**WHAT YOU WILL DO**
Your answer must consist of every line from the data below that includes the word "Streetwear".

····················

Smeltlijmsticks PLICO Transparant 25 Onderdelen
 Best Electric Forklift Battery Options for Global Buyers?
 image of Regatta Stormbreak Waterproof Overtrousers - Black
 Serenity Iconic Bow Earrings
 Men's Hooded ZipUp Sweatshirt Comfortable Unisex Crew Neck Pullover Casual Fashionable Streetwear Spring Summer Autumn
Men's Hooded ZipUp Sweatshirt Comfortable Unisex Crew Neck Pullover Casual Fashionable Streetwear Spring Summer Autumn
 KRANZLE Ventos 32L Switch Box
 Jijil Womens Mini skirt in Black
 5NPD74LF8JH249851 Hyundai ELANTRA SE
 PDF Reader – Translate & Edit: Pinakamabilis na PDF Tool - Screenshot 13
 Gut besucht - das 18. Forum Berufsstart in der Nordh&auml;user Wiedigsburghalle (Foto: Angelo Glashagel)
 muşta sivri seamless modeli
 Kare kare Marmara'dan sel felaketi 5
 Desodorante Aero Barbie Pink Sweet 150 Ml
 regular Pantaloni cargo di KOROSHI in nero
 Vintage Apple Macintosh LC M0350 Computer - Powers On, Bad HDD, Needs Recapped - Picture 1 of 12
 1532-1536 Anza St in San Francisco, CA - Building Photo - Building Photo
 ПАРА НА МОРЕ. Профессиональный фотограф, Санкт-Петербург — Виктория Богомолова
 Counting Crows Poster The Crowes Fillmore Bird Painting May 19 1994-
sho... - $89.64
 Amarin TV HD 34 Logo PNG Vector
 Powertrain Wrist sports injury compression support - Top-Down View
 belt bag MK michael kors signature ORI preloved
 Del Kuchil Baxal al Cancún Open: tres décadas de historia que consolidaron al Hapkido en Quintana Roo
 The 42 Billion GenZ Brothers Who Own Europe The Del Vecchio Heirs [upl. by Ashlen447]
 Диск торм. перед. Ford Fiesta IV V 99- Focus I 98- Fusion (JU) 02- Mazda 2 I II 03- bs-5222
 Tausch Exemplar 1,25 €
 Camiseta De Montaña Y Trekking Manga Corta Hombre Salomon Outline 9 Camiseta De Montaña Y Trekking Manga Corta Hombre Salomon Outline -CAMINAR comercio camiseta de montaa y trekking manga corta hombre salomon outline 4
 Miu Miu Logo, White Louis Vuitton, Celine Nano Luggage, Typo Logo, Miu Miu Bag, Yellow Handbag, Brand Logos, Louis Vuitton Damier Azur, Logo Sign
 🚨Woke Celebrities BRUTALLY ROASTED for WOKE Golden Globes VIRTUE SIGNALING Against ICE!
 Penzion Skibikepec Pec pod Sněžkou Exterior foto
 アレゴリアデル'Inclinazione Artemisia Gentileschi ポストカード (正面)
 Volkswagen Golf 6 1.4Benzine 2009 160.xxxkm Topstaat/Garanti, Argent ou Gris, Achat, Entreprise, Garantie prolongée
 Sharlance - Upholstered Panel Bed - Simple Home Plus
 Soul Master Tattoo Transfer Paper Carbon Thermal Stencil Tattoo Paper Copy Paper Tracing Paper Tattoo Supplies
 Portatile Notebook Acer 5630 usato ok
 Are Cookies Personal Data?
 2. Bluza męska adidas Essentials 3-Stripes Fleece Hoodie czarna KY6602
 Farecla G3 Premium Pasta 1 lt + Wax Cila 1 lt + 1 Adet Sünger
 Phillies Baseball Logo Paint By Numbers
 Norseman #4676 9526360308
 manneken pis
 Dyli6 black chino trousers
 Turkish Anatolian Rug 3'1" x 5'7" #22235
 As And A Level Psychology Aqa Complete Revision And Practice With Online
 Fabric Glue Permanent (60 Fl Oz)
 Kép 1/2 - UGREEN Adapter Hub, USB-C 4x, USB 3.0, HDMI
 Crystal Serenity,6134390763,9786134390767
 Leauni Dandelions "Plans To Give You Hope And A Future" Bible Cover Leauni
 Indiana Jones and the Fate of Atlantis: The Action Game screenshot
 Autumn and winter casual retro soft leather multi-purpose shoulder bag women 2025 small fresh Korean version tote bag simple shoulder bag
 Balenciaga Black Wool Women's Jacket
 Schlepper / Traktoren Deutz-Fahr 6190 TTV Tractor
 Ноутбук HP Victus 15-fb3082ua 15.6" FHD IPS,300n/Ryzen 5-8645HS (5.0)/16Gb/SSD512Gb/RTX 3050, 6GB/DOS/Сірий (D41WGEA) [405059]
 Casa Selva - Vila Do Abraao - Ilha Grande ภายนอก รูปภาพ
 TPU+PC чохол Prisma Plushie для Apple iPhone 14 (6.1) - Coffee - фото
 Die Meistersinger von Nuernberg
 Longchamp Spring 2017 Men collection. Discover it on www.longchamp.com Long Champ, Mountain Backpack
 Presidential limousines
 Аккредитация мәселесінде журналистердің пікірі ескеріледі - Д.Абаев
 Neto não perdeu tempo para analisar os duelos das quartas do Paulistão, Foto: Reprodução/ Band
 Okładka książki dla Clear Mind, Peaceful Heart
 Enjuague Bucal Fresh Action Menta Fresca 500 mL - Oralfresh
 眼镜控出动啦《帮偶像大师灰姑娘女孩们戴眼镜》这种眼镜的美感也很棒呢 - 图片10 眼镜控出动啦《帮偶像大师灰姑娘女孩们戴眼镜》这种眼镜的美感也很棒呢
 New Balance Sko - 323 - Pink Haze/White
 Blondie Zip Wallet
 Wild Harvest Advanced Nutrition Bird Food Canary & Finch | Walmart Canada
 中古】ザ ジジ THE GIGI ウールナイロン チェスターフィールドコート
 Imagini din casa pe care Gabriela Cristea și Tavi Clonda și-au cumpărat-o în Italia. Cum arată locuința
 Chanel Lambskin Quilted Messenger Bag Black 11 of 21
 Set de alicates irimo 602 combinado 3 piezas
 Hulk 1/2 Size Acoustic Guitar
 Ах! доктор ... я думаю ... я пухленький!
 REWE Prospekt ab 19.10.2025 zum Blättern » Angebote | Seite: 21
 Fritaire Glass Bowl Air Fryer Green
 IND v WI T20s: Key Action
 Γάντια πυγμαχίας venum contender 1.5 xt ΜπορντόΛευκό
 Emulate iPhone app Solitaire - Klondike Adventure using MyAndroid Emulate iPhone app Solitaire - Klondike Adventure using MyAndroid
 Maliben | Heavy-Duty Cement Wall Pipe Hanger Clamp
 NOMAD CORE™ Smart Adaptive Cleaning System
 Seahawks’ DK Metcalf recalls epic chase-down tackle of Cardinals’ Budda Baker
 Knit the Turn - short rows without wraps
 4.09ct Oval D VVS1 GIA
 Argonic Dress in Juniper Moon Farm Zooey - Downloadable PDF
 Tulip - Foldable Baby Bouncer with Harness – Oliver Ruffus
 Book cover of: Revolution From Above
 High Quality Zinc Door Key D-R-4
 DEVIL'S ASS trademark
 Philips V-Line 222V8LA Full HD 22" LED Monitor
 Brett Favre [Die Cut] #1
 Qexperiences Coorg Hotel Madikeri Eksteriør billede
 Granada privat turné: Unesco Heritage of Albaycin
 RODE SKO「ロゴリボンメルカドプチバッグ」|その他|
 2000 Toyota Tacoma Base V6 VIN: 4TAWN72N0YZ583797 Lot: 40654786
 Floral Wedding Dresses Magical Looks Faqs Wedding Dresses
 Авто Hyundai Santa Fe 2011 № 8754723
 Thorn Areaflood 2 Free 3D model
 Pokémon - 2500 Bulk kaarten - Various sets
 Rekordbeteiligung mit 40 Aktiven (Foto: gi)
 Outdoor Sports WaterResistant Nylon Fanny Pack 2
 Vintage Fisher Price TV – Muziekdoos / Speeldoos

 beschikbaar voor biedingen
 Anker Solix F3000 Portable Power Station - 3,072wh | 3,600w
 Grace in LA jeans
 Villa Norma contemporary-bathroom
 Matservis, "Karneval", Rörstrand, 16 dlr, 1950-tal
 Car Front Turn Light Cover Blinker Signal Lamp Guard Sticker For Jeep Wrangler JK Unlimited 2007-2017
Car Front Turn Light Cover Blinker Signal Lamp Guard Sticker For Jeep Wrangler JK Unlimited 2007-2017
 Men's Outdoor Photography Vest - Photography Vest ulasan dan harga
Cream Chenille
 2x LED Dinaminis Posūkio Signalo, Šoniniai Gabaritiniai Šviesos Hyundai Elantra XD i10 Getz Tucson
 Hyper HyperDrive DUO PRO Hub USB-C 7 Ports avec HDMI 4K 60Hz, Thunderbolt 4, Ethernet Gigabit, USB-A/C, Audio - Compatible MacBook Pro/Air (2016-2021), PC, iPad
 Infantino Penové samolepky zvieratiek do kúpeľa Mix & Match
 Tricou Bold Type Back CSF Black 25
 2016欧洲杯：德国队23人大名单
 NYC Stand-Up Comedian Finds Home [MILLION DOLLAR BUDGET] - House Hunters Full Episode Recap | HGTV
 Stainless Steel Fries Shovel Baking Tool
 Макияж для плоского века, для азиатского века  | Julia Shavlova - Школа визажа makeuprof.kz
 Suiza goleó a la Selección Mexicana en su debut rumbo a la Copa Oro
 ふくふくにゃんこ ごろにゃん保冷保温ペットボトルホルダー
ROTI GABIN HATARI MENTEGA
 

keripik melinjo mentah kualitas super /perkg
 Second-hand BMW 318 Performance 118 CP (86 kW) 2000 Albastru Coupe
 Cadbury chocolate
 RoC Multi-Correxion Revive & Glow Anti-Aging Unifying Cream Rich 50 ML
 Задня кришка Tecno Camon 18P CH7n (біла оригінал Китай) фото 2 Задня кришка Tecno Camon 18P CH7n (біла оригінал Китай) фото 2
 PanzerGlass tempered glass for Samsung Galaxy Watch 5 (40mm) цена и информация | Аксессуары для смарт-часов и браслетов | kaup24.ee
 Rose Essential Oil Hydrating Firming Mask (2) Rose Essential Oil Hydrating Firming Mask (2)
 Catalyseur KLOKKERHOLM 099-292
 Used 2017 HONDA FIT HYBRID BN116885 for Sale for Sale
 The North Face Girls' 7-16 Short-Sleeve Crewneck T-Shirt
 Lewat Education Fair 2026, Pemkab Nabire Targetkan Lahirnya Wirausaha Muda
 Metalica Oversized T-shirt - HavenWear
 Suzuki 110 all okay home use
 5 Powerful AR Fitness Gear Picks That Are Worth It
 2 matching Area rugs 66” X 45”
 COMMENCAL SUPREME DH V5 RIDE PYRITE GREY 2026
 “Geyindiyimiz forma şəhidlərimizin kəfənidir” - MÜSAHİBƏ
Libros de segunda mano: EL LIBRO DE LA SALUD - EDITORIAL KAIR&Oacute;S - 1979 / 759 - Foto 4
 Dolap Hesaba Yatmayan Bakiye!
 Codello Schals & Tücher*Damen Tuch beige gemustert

····················

**WRITTEN RESPONSE**
 Men's Hooded ZipUp Sweatshirt Comfortable Unisex Crew Neck Pullover Casual Fashionable Streetwear Spring Summer Autumn
Men's Hooded ZipUp Sweatshirt Comfortable Unisex Crew Neck Pullover Casual Fashionable Streetwear Spring Summer Autumn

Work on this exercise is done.